Panel 1: The Fellowship of the Ring

The background displays a village on a hill, representing the hobbit’s home—the ordinary world. The tree is often a symbol of darkness or the unknown, and this one bears fruit despite its twisted, gnarled branches that lack leaves. In the forefront, surrounding this tree are various small creatures. It feels as if they are each looking at you. This is the other world that Frodo journeys towards.

Panel 2: The Two Towers

The mountain takes the focal of this panel, a variety of sharp peaks in descending shades against the vibrant sky. Black creatures leap away, signifying the presence of evil, darkness, and/or the unknown. A spider lurks nearby, unnaturally large. Frodo has reached the initiation stage and faces trials. He gains allies, but must gather more, as he is still lacking in some way. The way to the towers is winding and guarded by a dark thick forest; creatures are dying in the water around it. This is where our hero must head.

Panel 3: The Return of the King

The center of it all, and the focal, is the erupting volcanic mountain.  It is surrounded by dark foreboding mountains, a cloud of ash, and an angry, dirty, red sky. This must be the place of Frodo’s supreme ordeal and return.


            Barbara Remington was an American illustrator best known for this piece, as well as A Map of Middle-Earth, which can be viewed at Tolkien Guide. A self-proclaimed ring-nut, the artwork for the LOTR’s covers was completed prior to reading them—something she regretted (Connecting with History). The reason for the rushed artwork was due to a need by Ballantine’s books to release things quickly.  Tolkien had been reluctant to give permission for publication in the United States, but Ace Books had released an unauthorized copy of The Fellowship of the Ring. After its popularity, Tolkien granted permission to Ballantine Books, who broke all the unwritten rules to push publication of all three books at once. As a result, some of the details in the cover are inaccurate, such as the lions (which were painted over in later releases), and the fruit tree.

            The artwork used on the covers became iconic for book covers of the 1960s, inspiring similar book covers, such as the parody Bored of the Rings. It ushered in a new stage for mass market paperbacks, and its success is directly linked to the launch of the Ballantine Adult Fantasy Line (Brown).

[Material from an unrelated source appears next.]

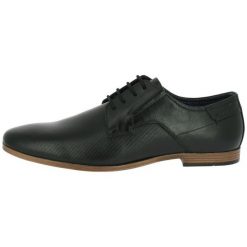 Tom Tailor Półbuty Męskie 46 Czarny. Czarne eleganckie półbuty męskie Tom Tailor, ze skóry, bez obcasa, bez zapięcia. Za 349.00 zł.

The imagery became linked with the authorized version, and the poster could be found everywhere.

Time Period Artwork

            During the time of designing, Barbara lived in New York, a frequent visitor of the East Village, “a haven for starving artists, musicians, poets and philosophers of that time” (Remington, Connecting with History). She was friends with counter-culture icons such as Timothy Leary (psychedelic philosopher), Allen Ginsberg (beat poet), and Ira Cohen (poet and filmmaker). The 1960s saw major changes in art design primarily as a result of counter-culture influences and the psychedelic movement of the mid-1960s.

“The visual motifs of psychedelic art include Art Nouveau-inspired curvilinear shapes, illegible hand drawn type, and intense optical color vibration inspired by the pop art movement” (Psychedelic 60s).

The most obvious outcome of this move in art was on album covers and festival posters. These frequently featured “a strong color palette—usually of contrasting colors—along with ornate lettering and kaleidoscopic swirls” (arthistory). It often contained spirals, concentric circles, and surrealist subjects.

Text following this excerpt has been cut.